As I interpreted it as "load A of M gets its value either from the
last modification of M that precedes A in S" and it was similar to
RMW.

> > This means for the default case this is trivial.
>
> How? The paragraph before the Note describes the case when either of 2 conditions hold:
> 1) A strongly happens before B
> 2) A is coherence-ordered before B
>
> If by B you mean load after wake-up and by A write before the invocation of notify, then how seq_cst is different from relaxed?
> A can become coherence-ordered before B *IF* B reads the value stored by A (https://timsong-cpp.github.io/cppwp/n4861/atomics.order#3.1)
> But if it reads the old value, it does not become coherence-ordered before.
> On a single atomic object, "relaxed" does not mean "lazy" and "seq_csq" does not magically make the atomic operation "more eager than relaxed".
>
> This means there is no difference between relaxed and seq_cst here. Still no guarantees to load the new value.
>

Right, this does not give us a guarantee that `store` precedes `load`
in total order of operation on M.
Adding a comment from Thiago Macieira that we can wait for an update
for a long time then indeed after unblock we still get old value.
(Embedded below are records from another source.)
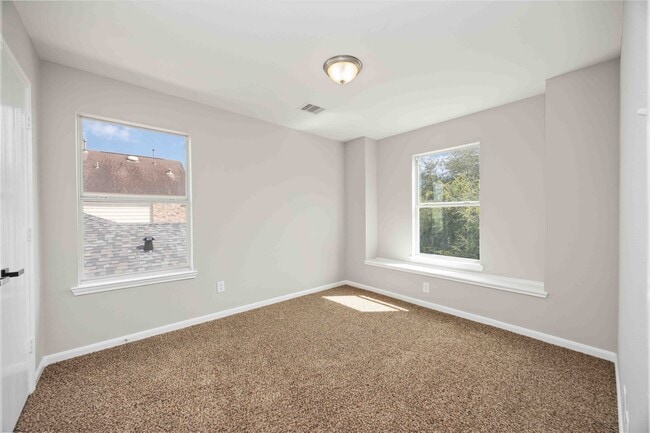 Building Photo - 2623 Skyview Glen Ct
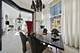 21 E Huron Unit 706, Chicago, IL 60611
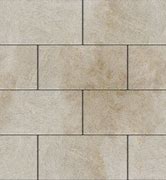 Image result for Prototype Floor Texture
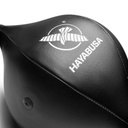 Hayabusa Doppelendball 3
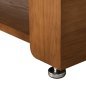 SPA-ligstoel Sillon Leisure Premium voor massage, ontspanning, wellnessrituelen en comfortabele verzorgingsbehandelingen SPA-ligstoel Sillon Leisure Premium voor massage, ontspanning, wellnessrituelen en comfortabele verzorgingsbehandelingen
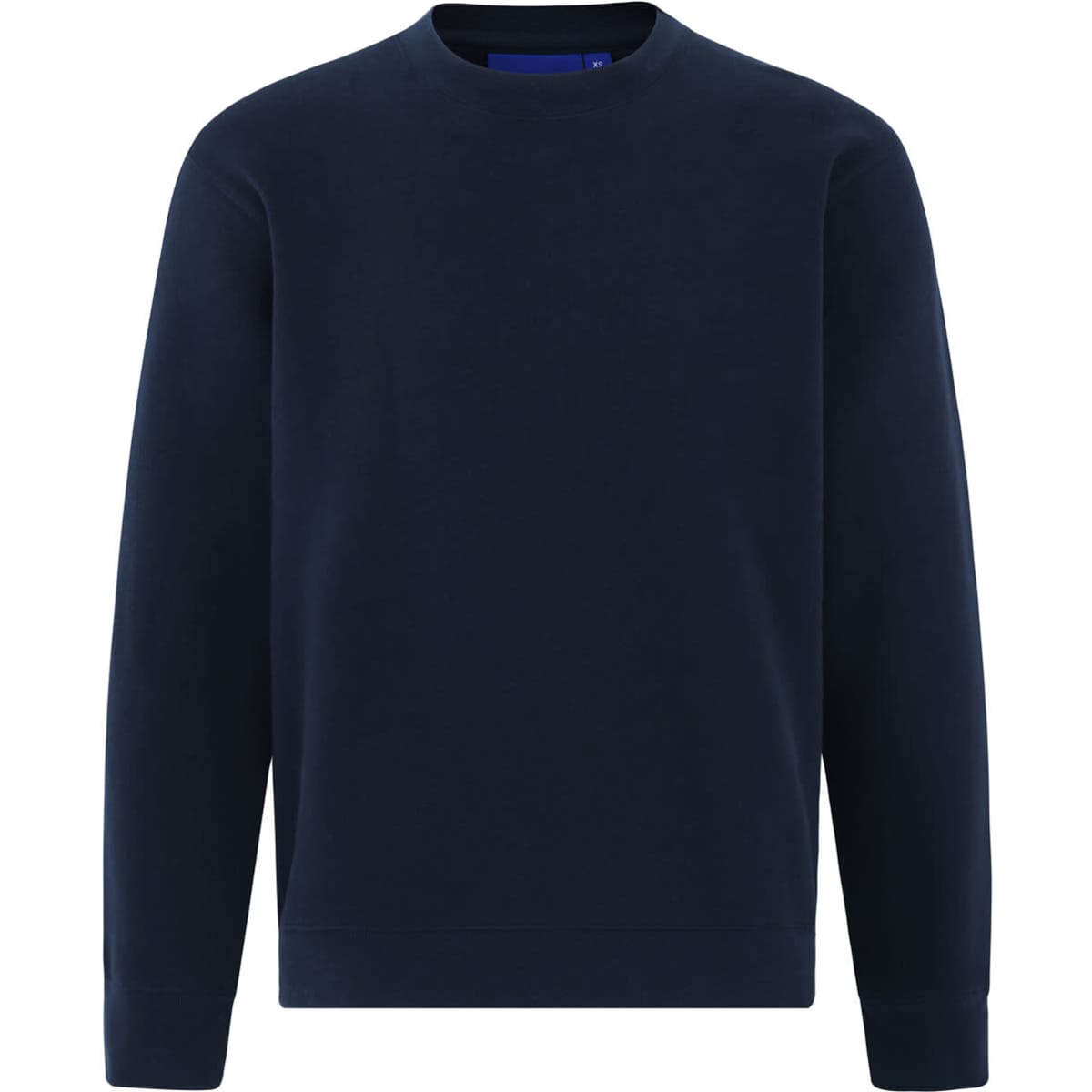 fl01_navy_l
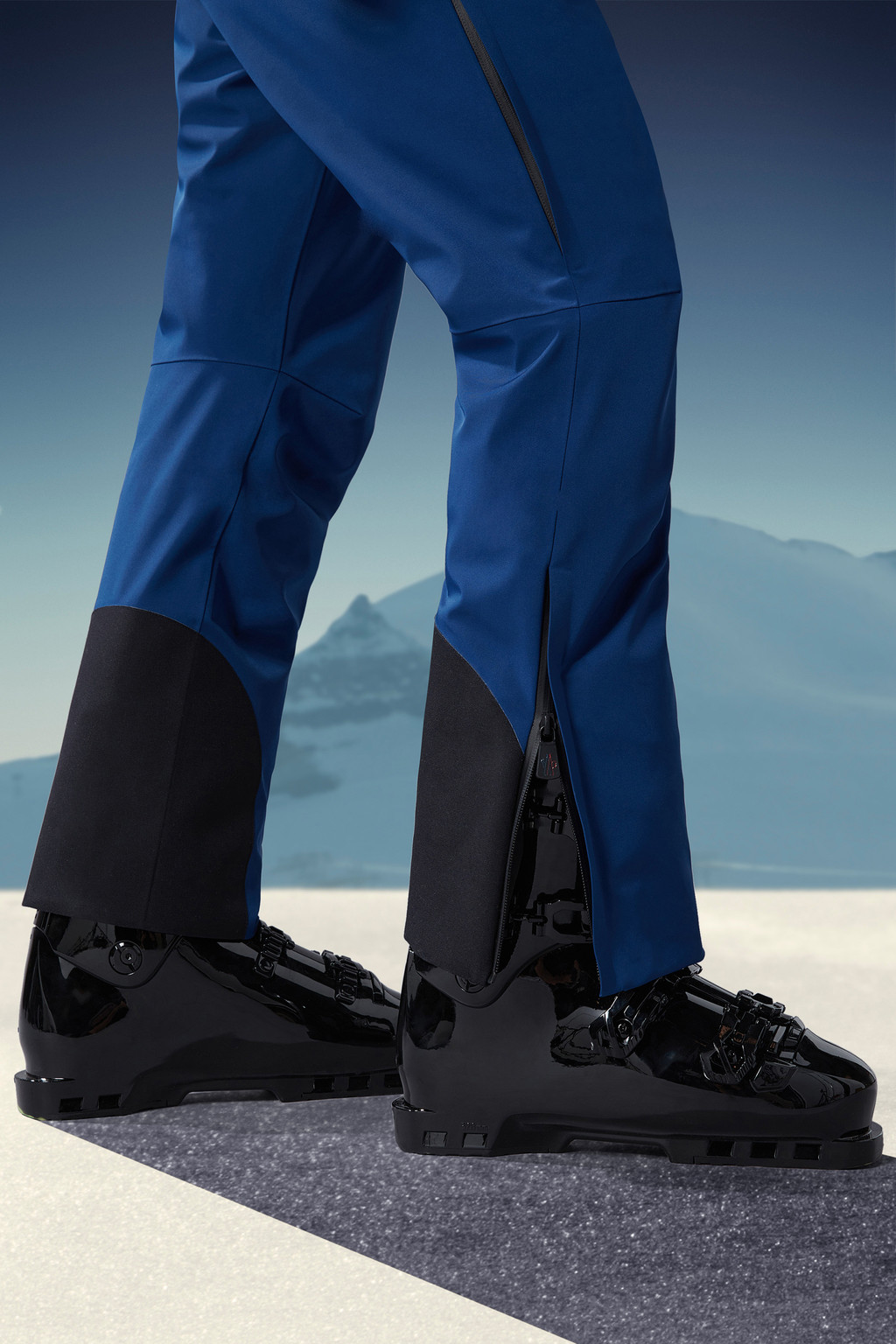 Ski Pants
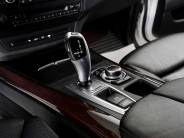 VBMW X5 2011 г.в.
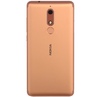 Smartfon Nokia 5.1 DS Copper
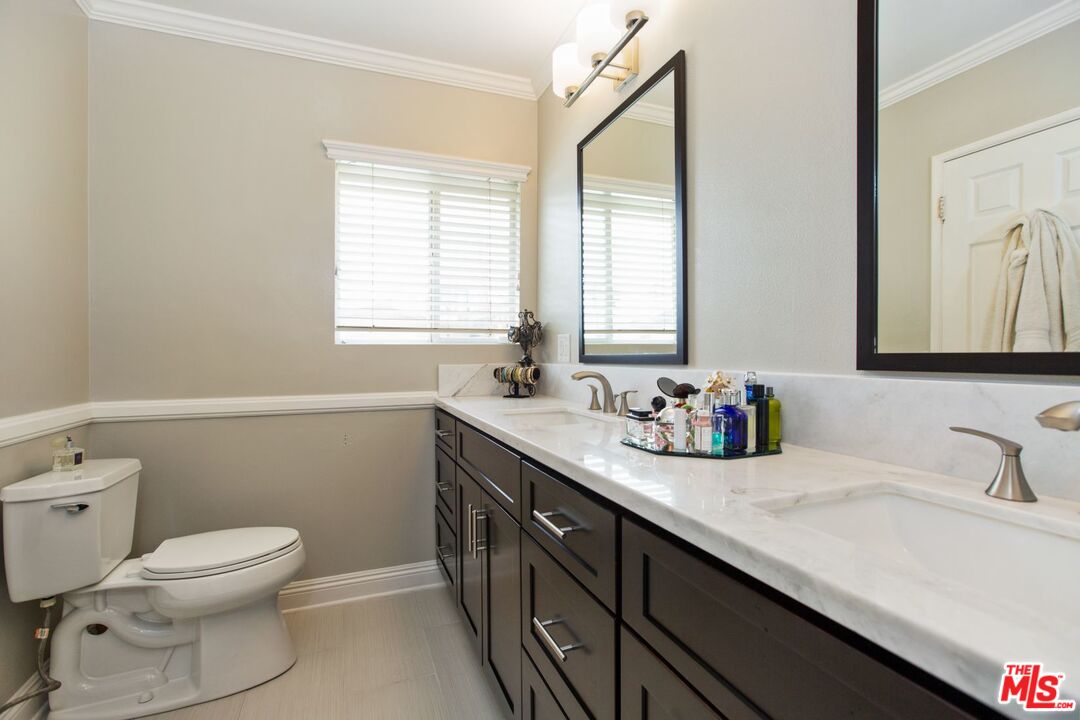 12651 Dunas Road Santa Ana, CA 92705 - Photo 21 of 34 Gallery Image 21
Side note, C++ standard allow for Pigeon Post as a way of
synchronizing memory between two machines? :D
Only RMW operations would be problematic as they require an up to date value.
Most of the operations are sync based only when value is visible for a
given thread.

Could this Pigeon be a good model for C++ atomic?

> > Probably this:
> > https://timsong-cpp.github.io/cppwp/n4861/intro.multithread#intro.races-18
> > And `notify` happens before `unblock`, this will make "happens before" chain from relaxed `store` to `load`.
>
> If the unblock were synchronized-with the invocation of notify, then sure, the paragraph you're referring to would apply.

Or at least it should participate with total order of operation on M,
because "happens before" could be too strong for `relaxed`.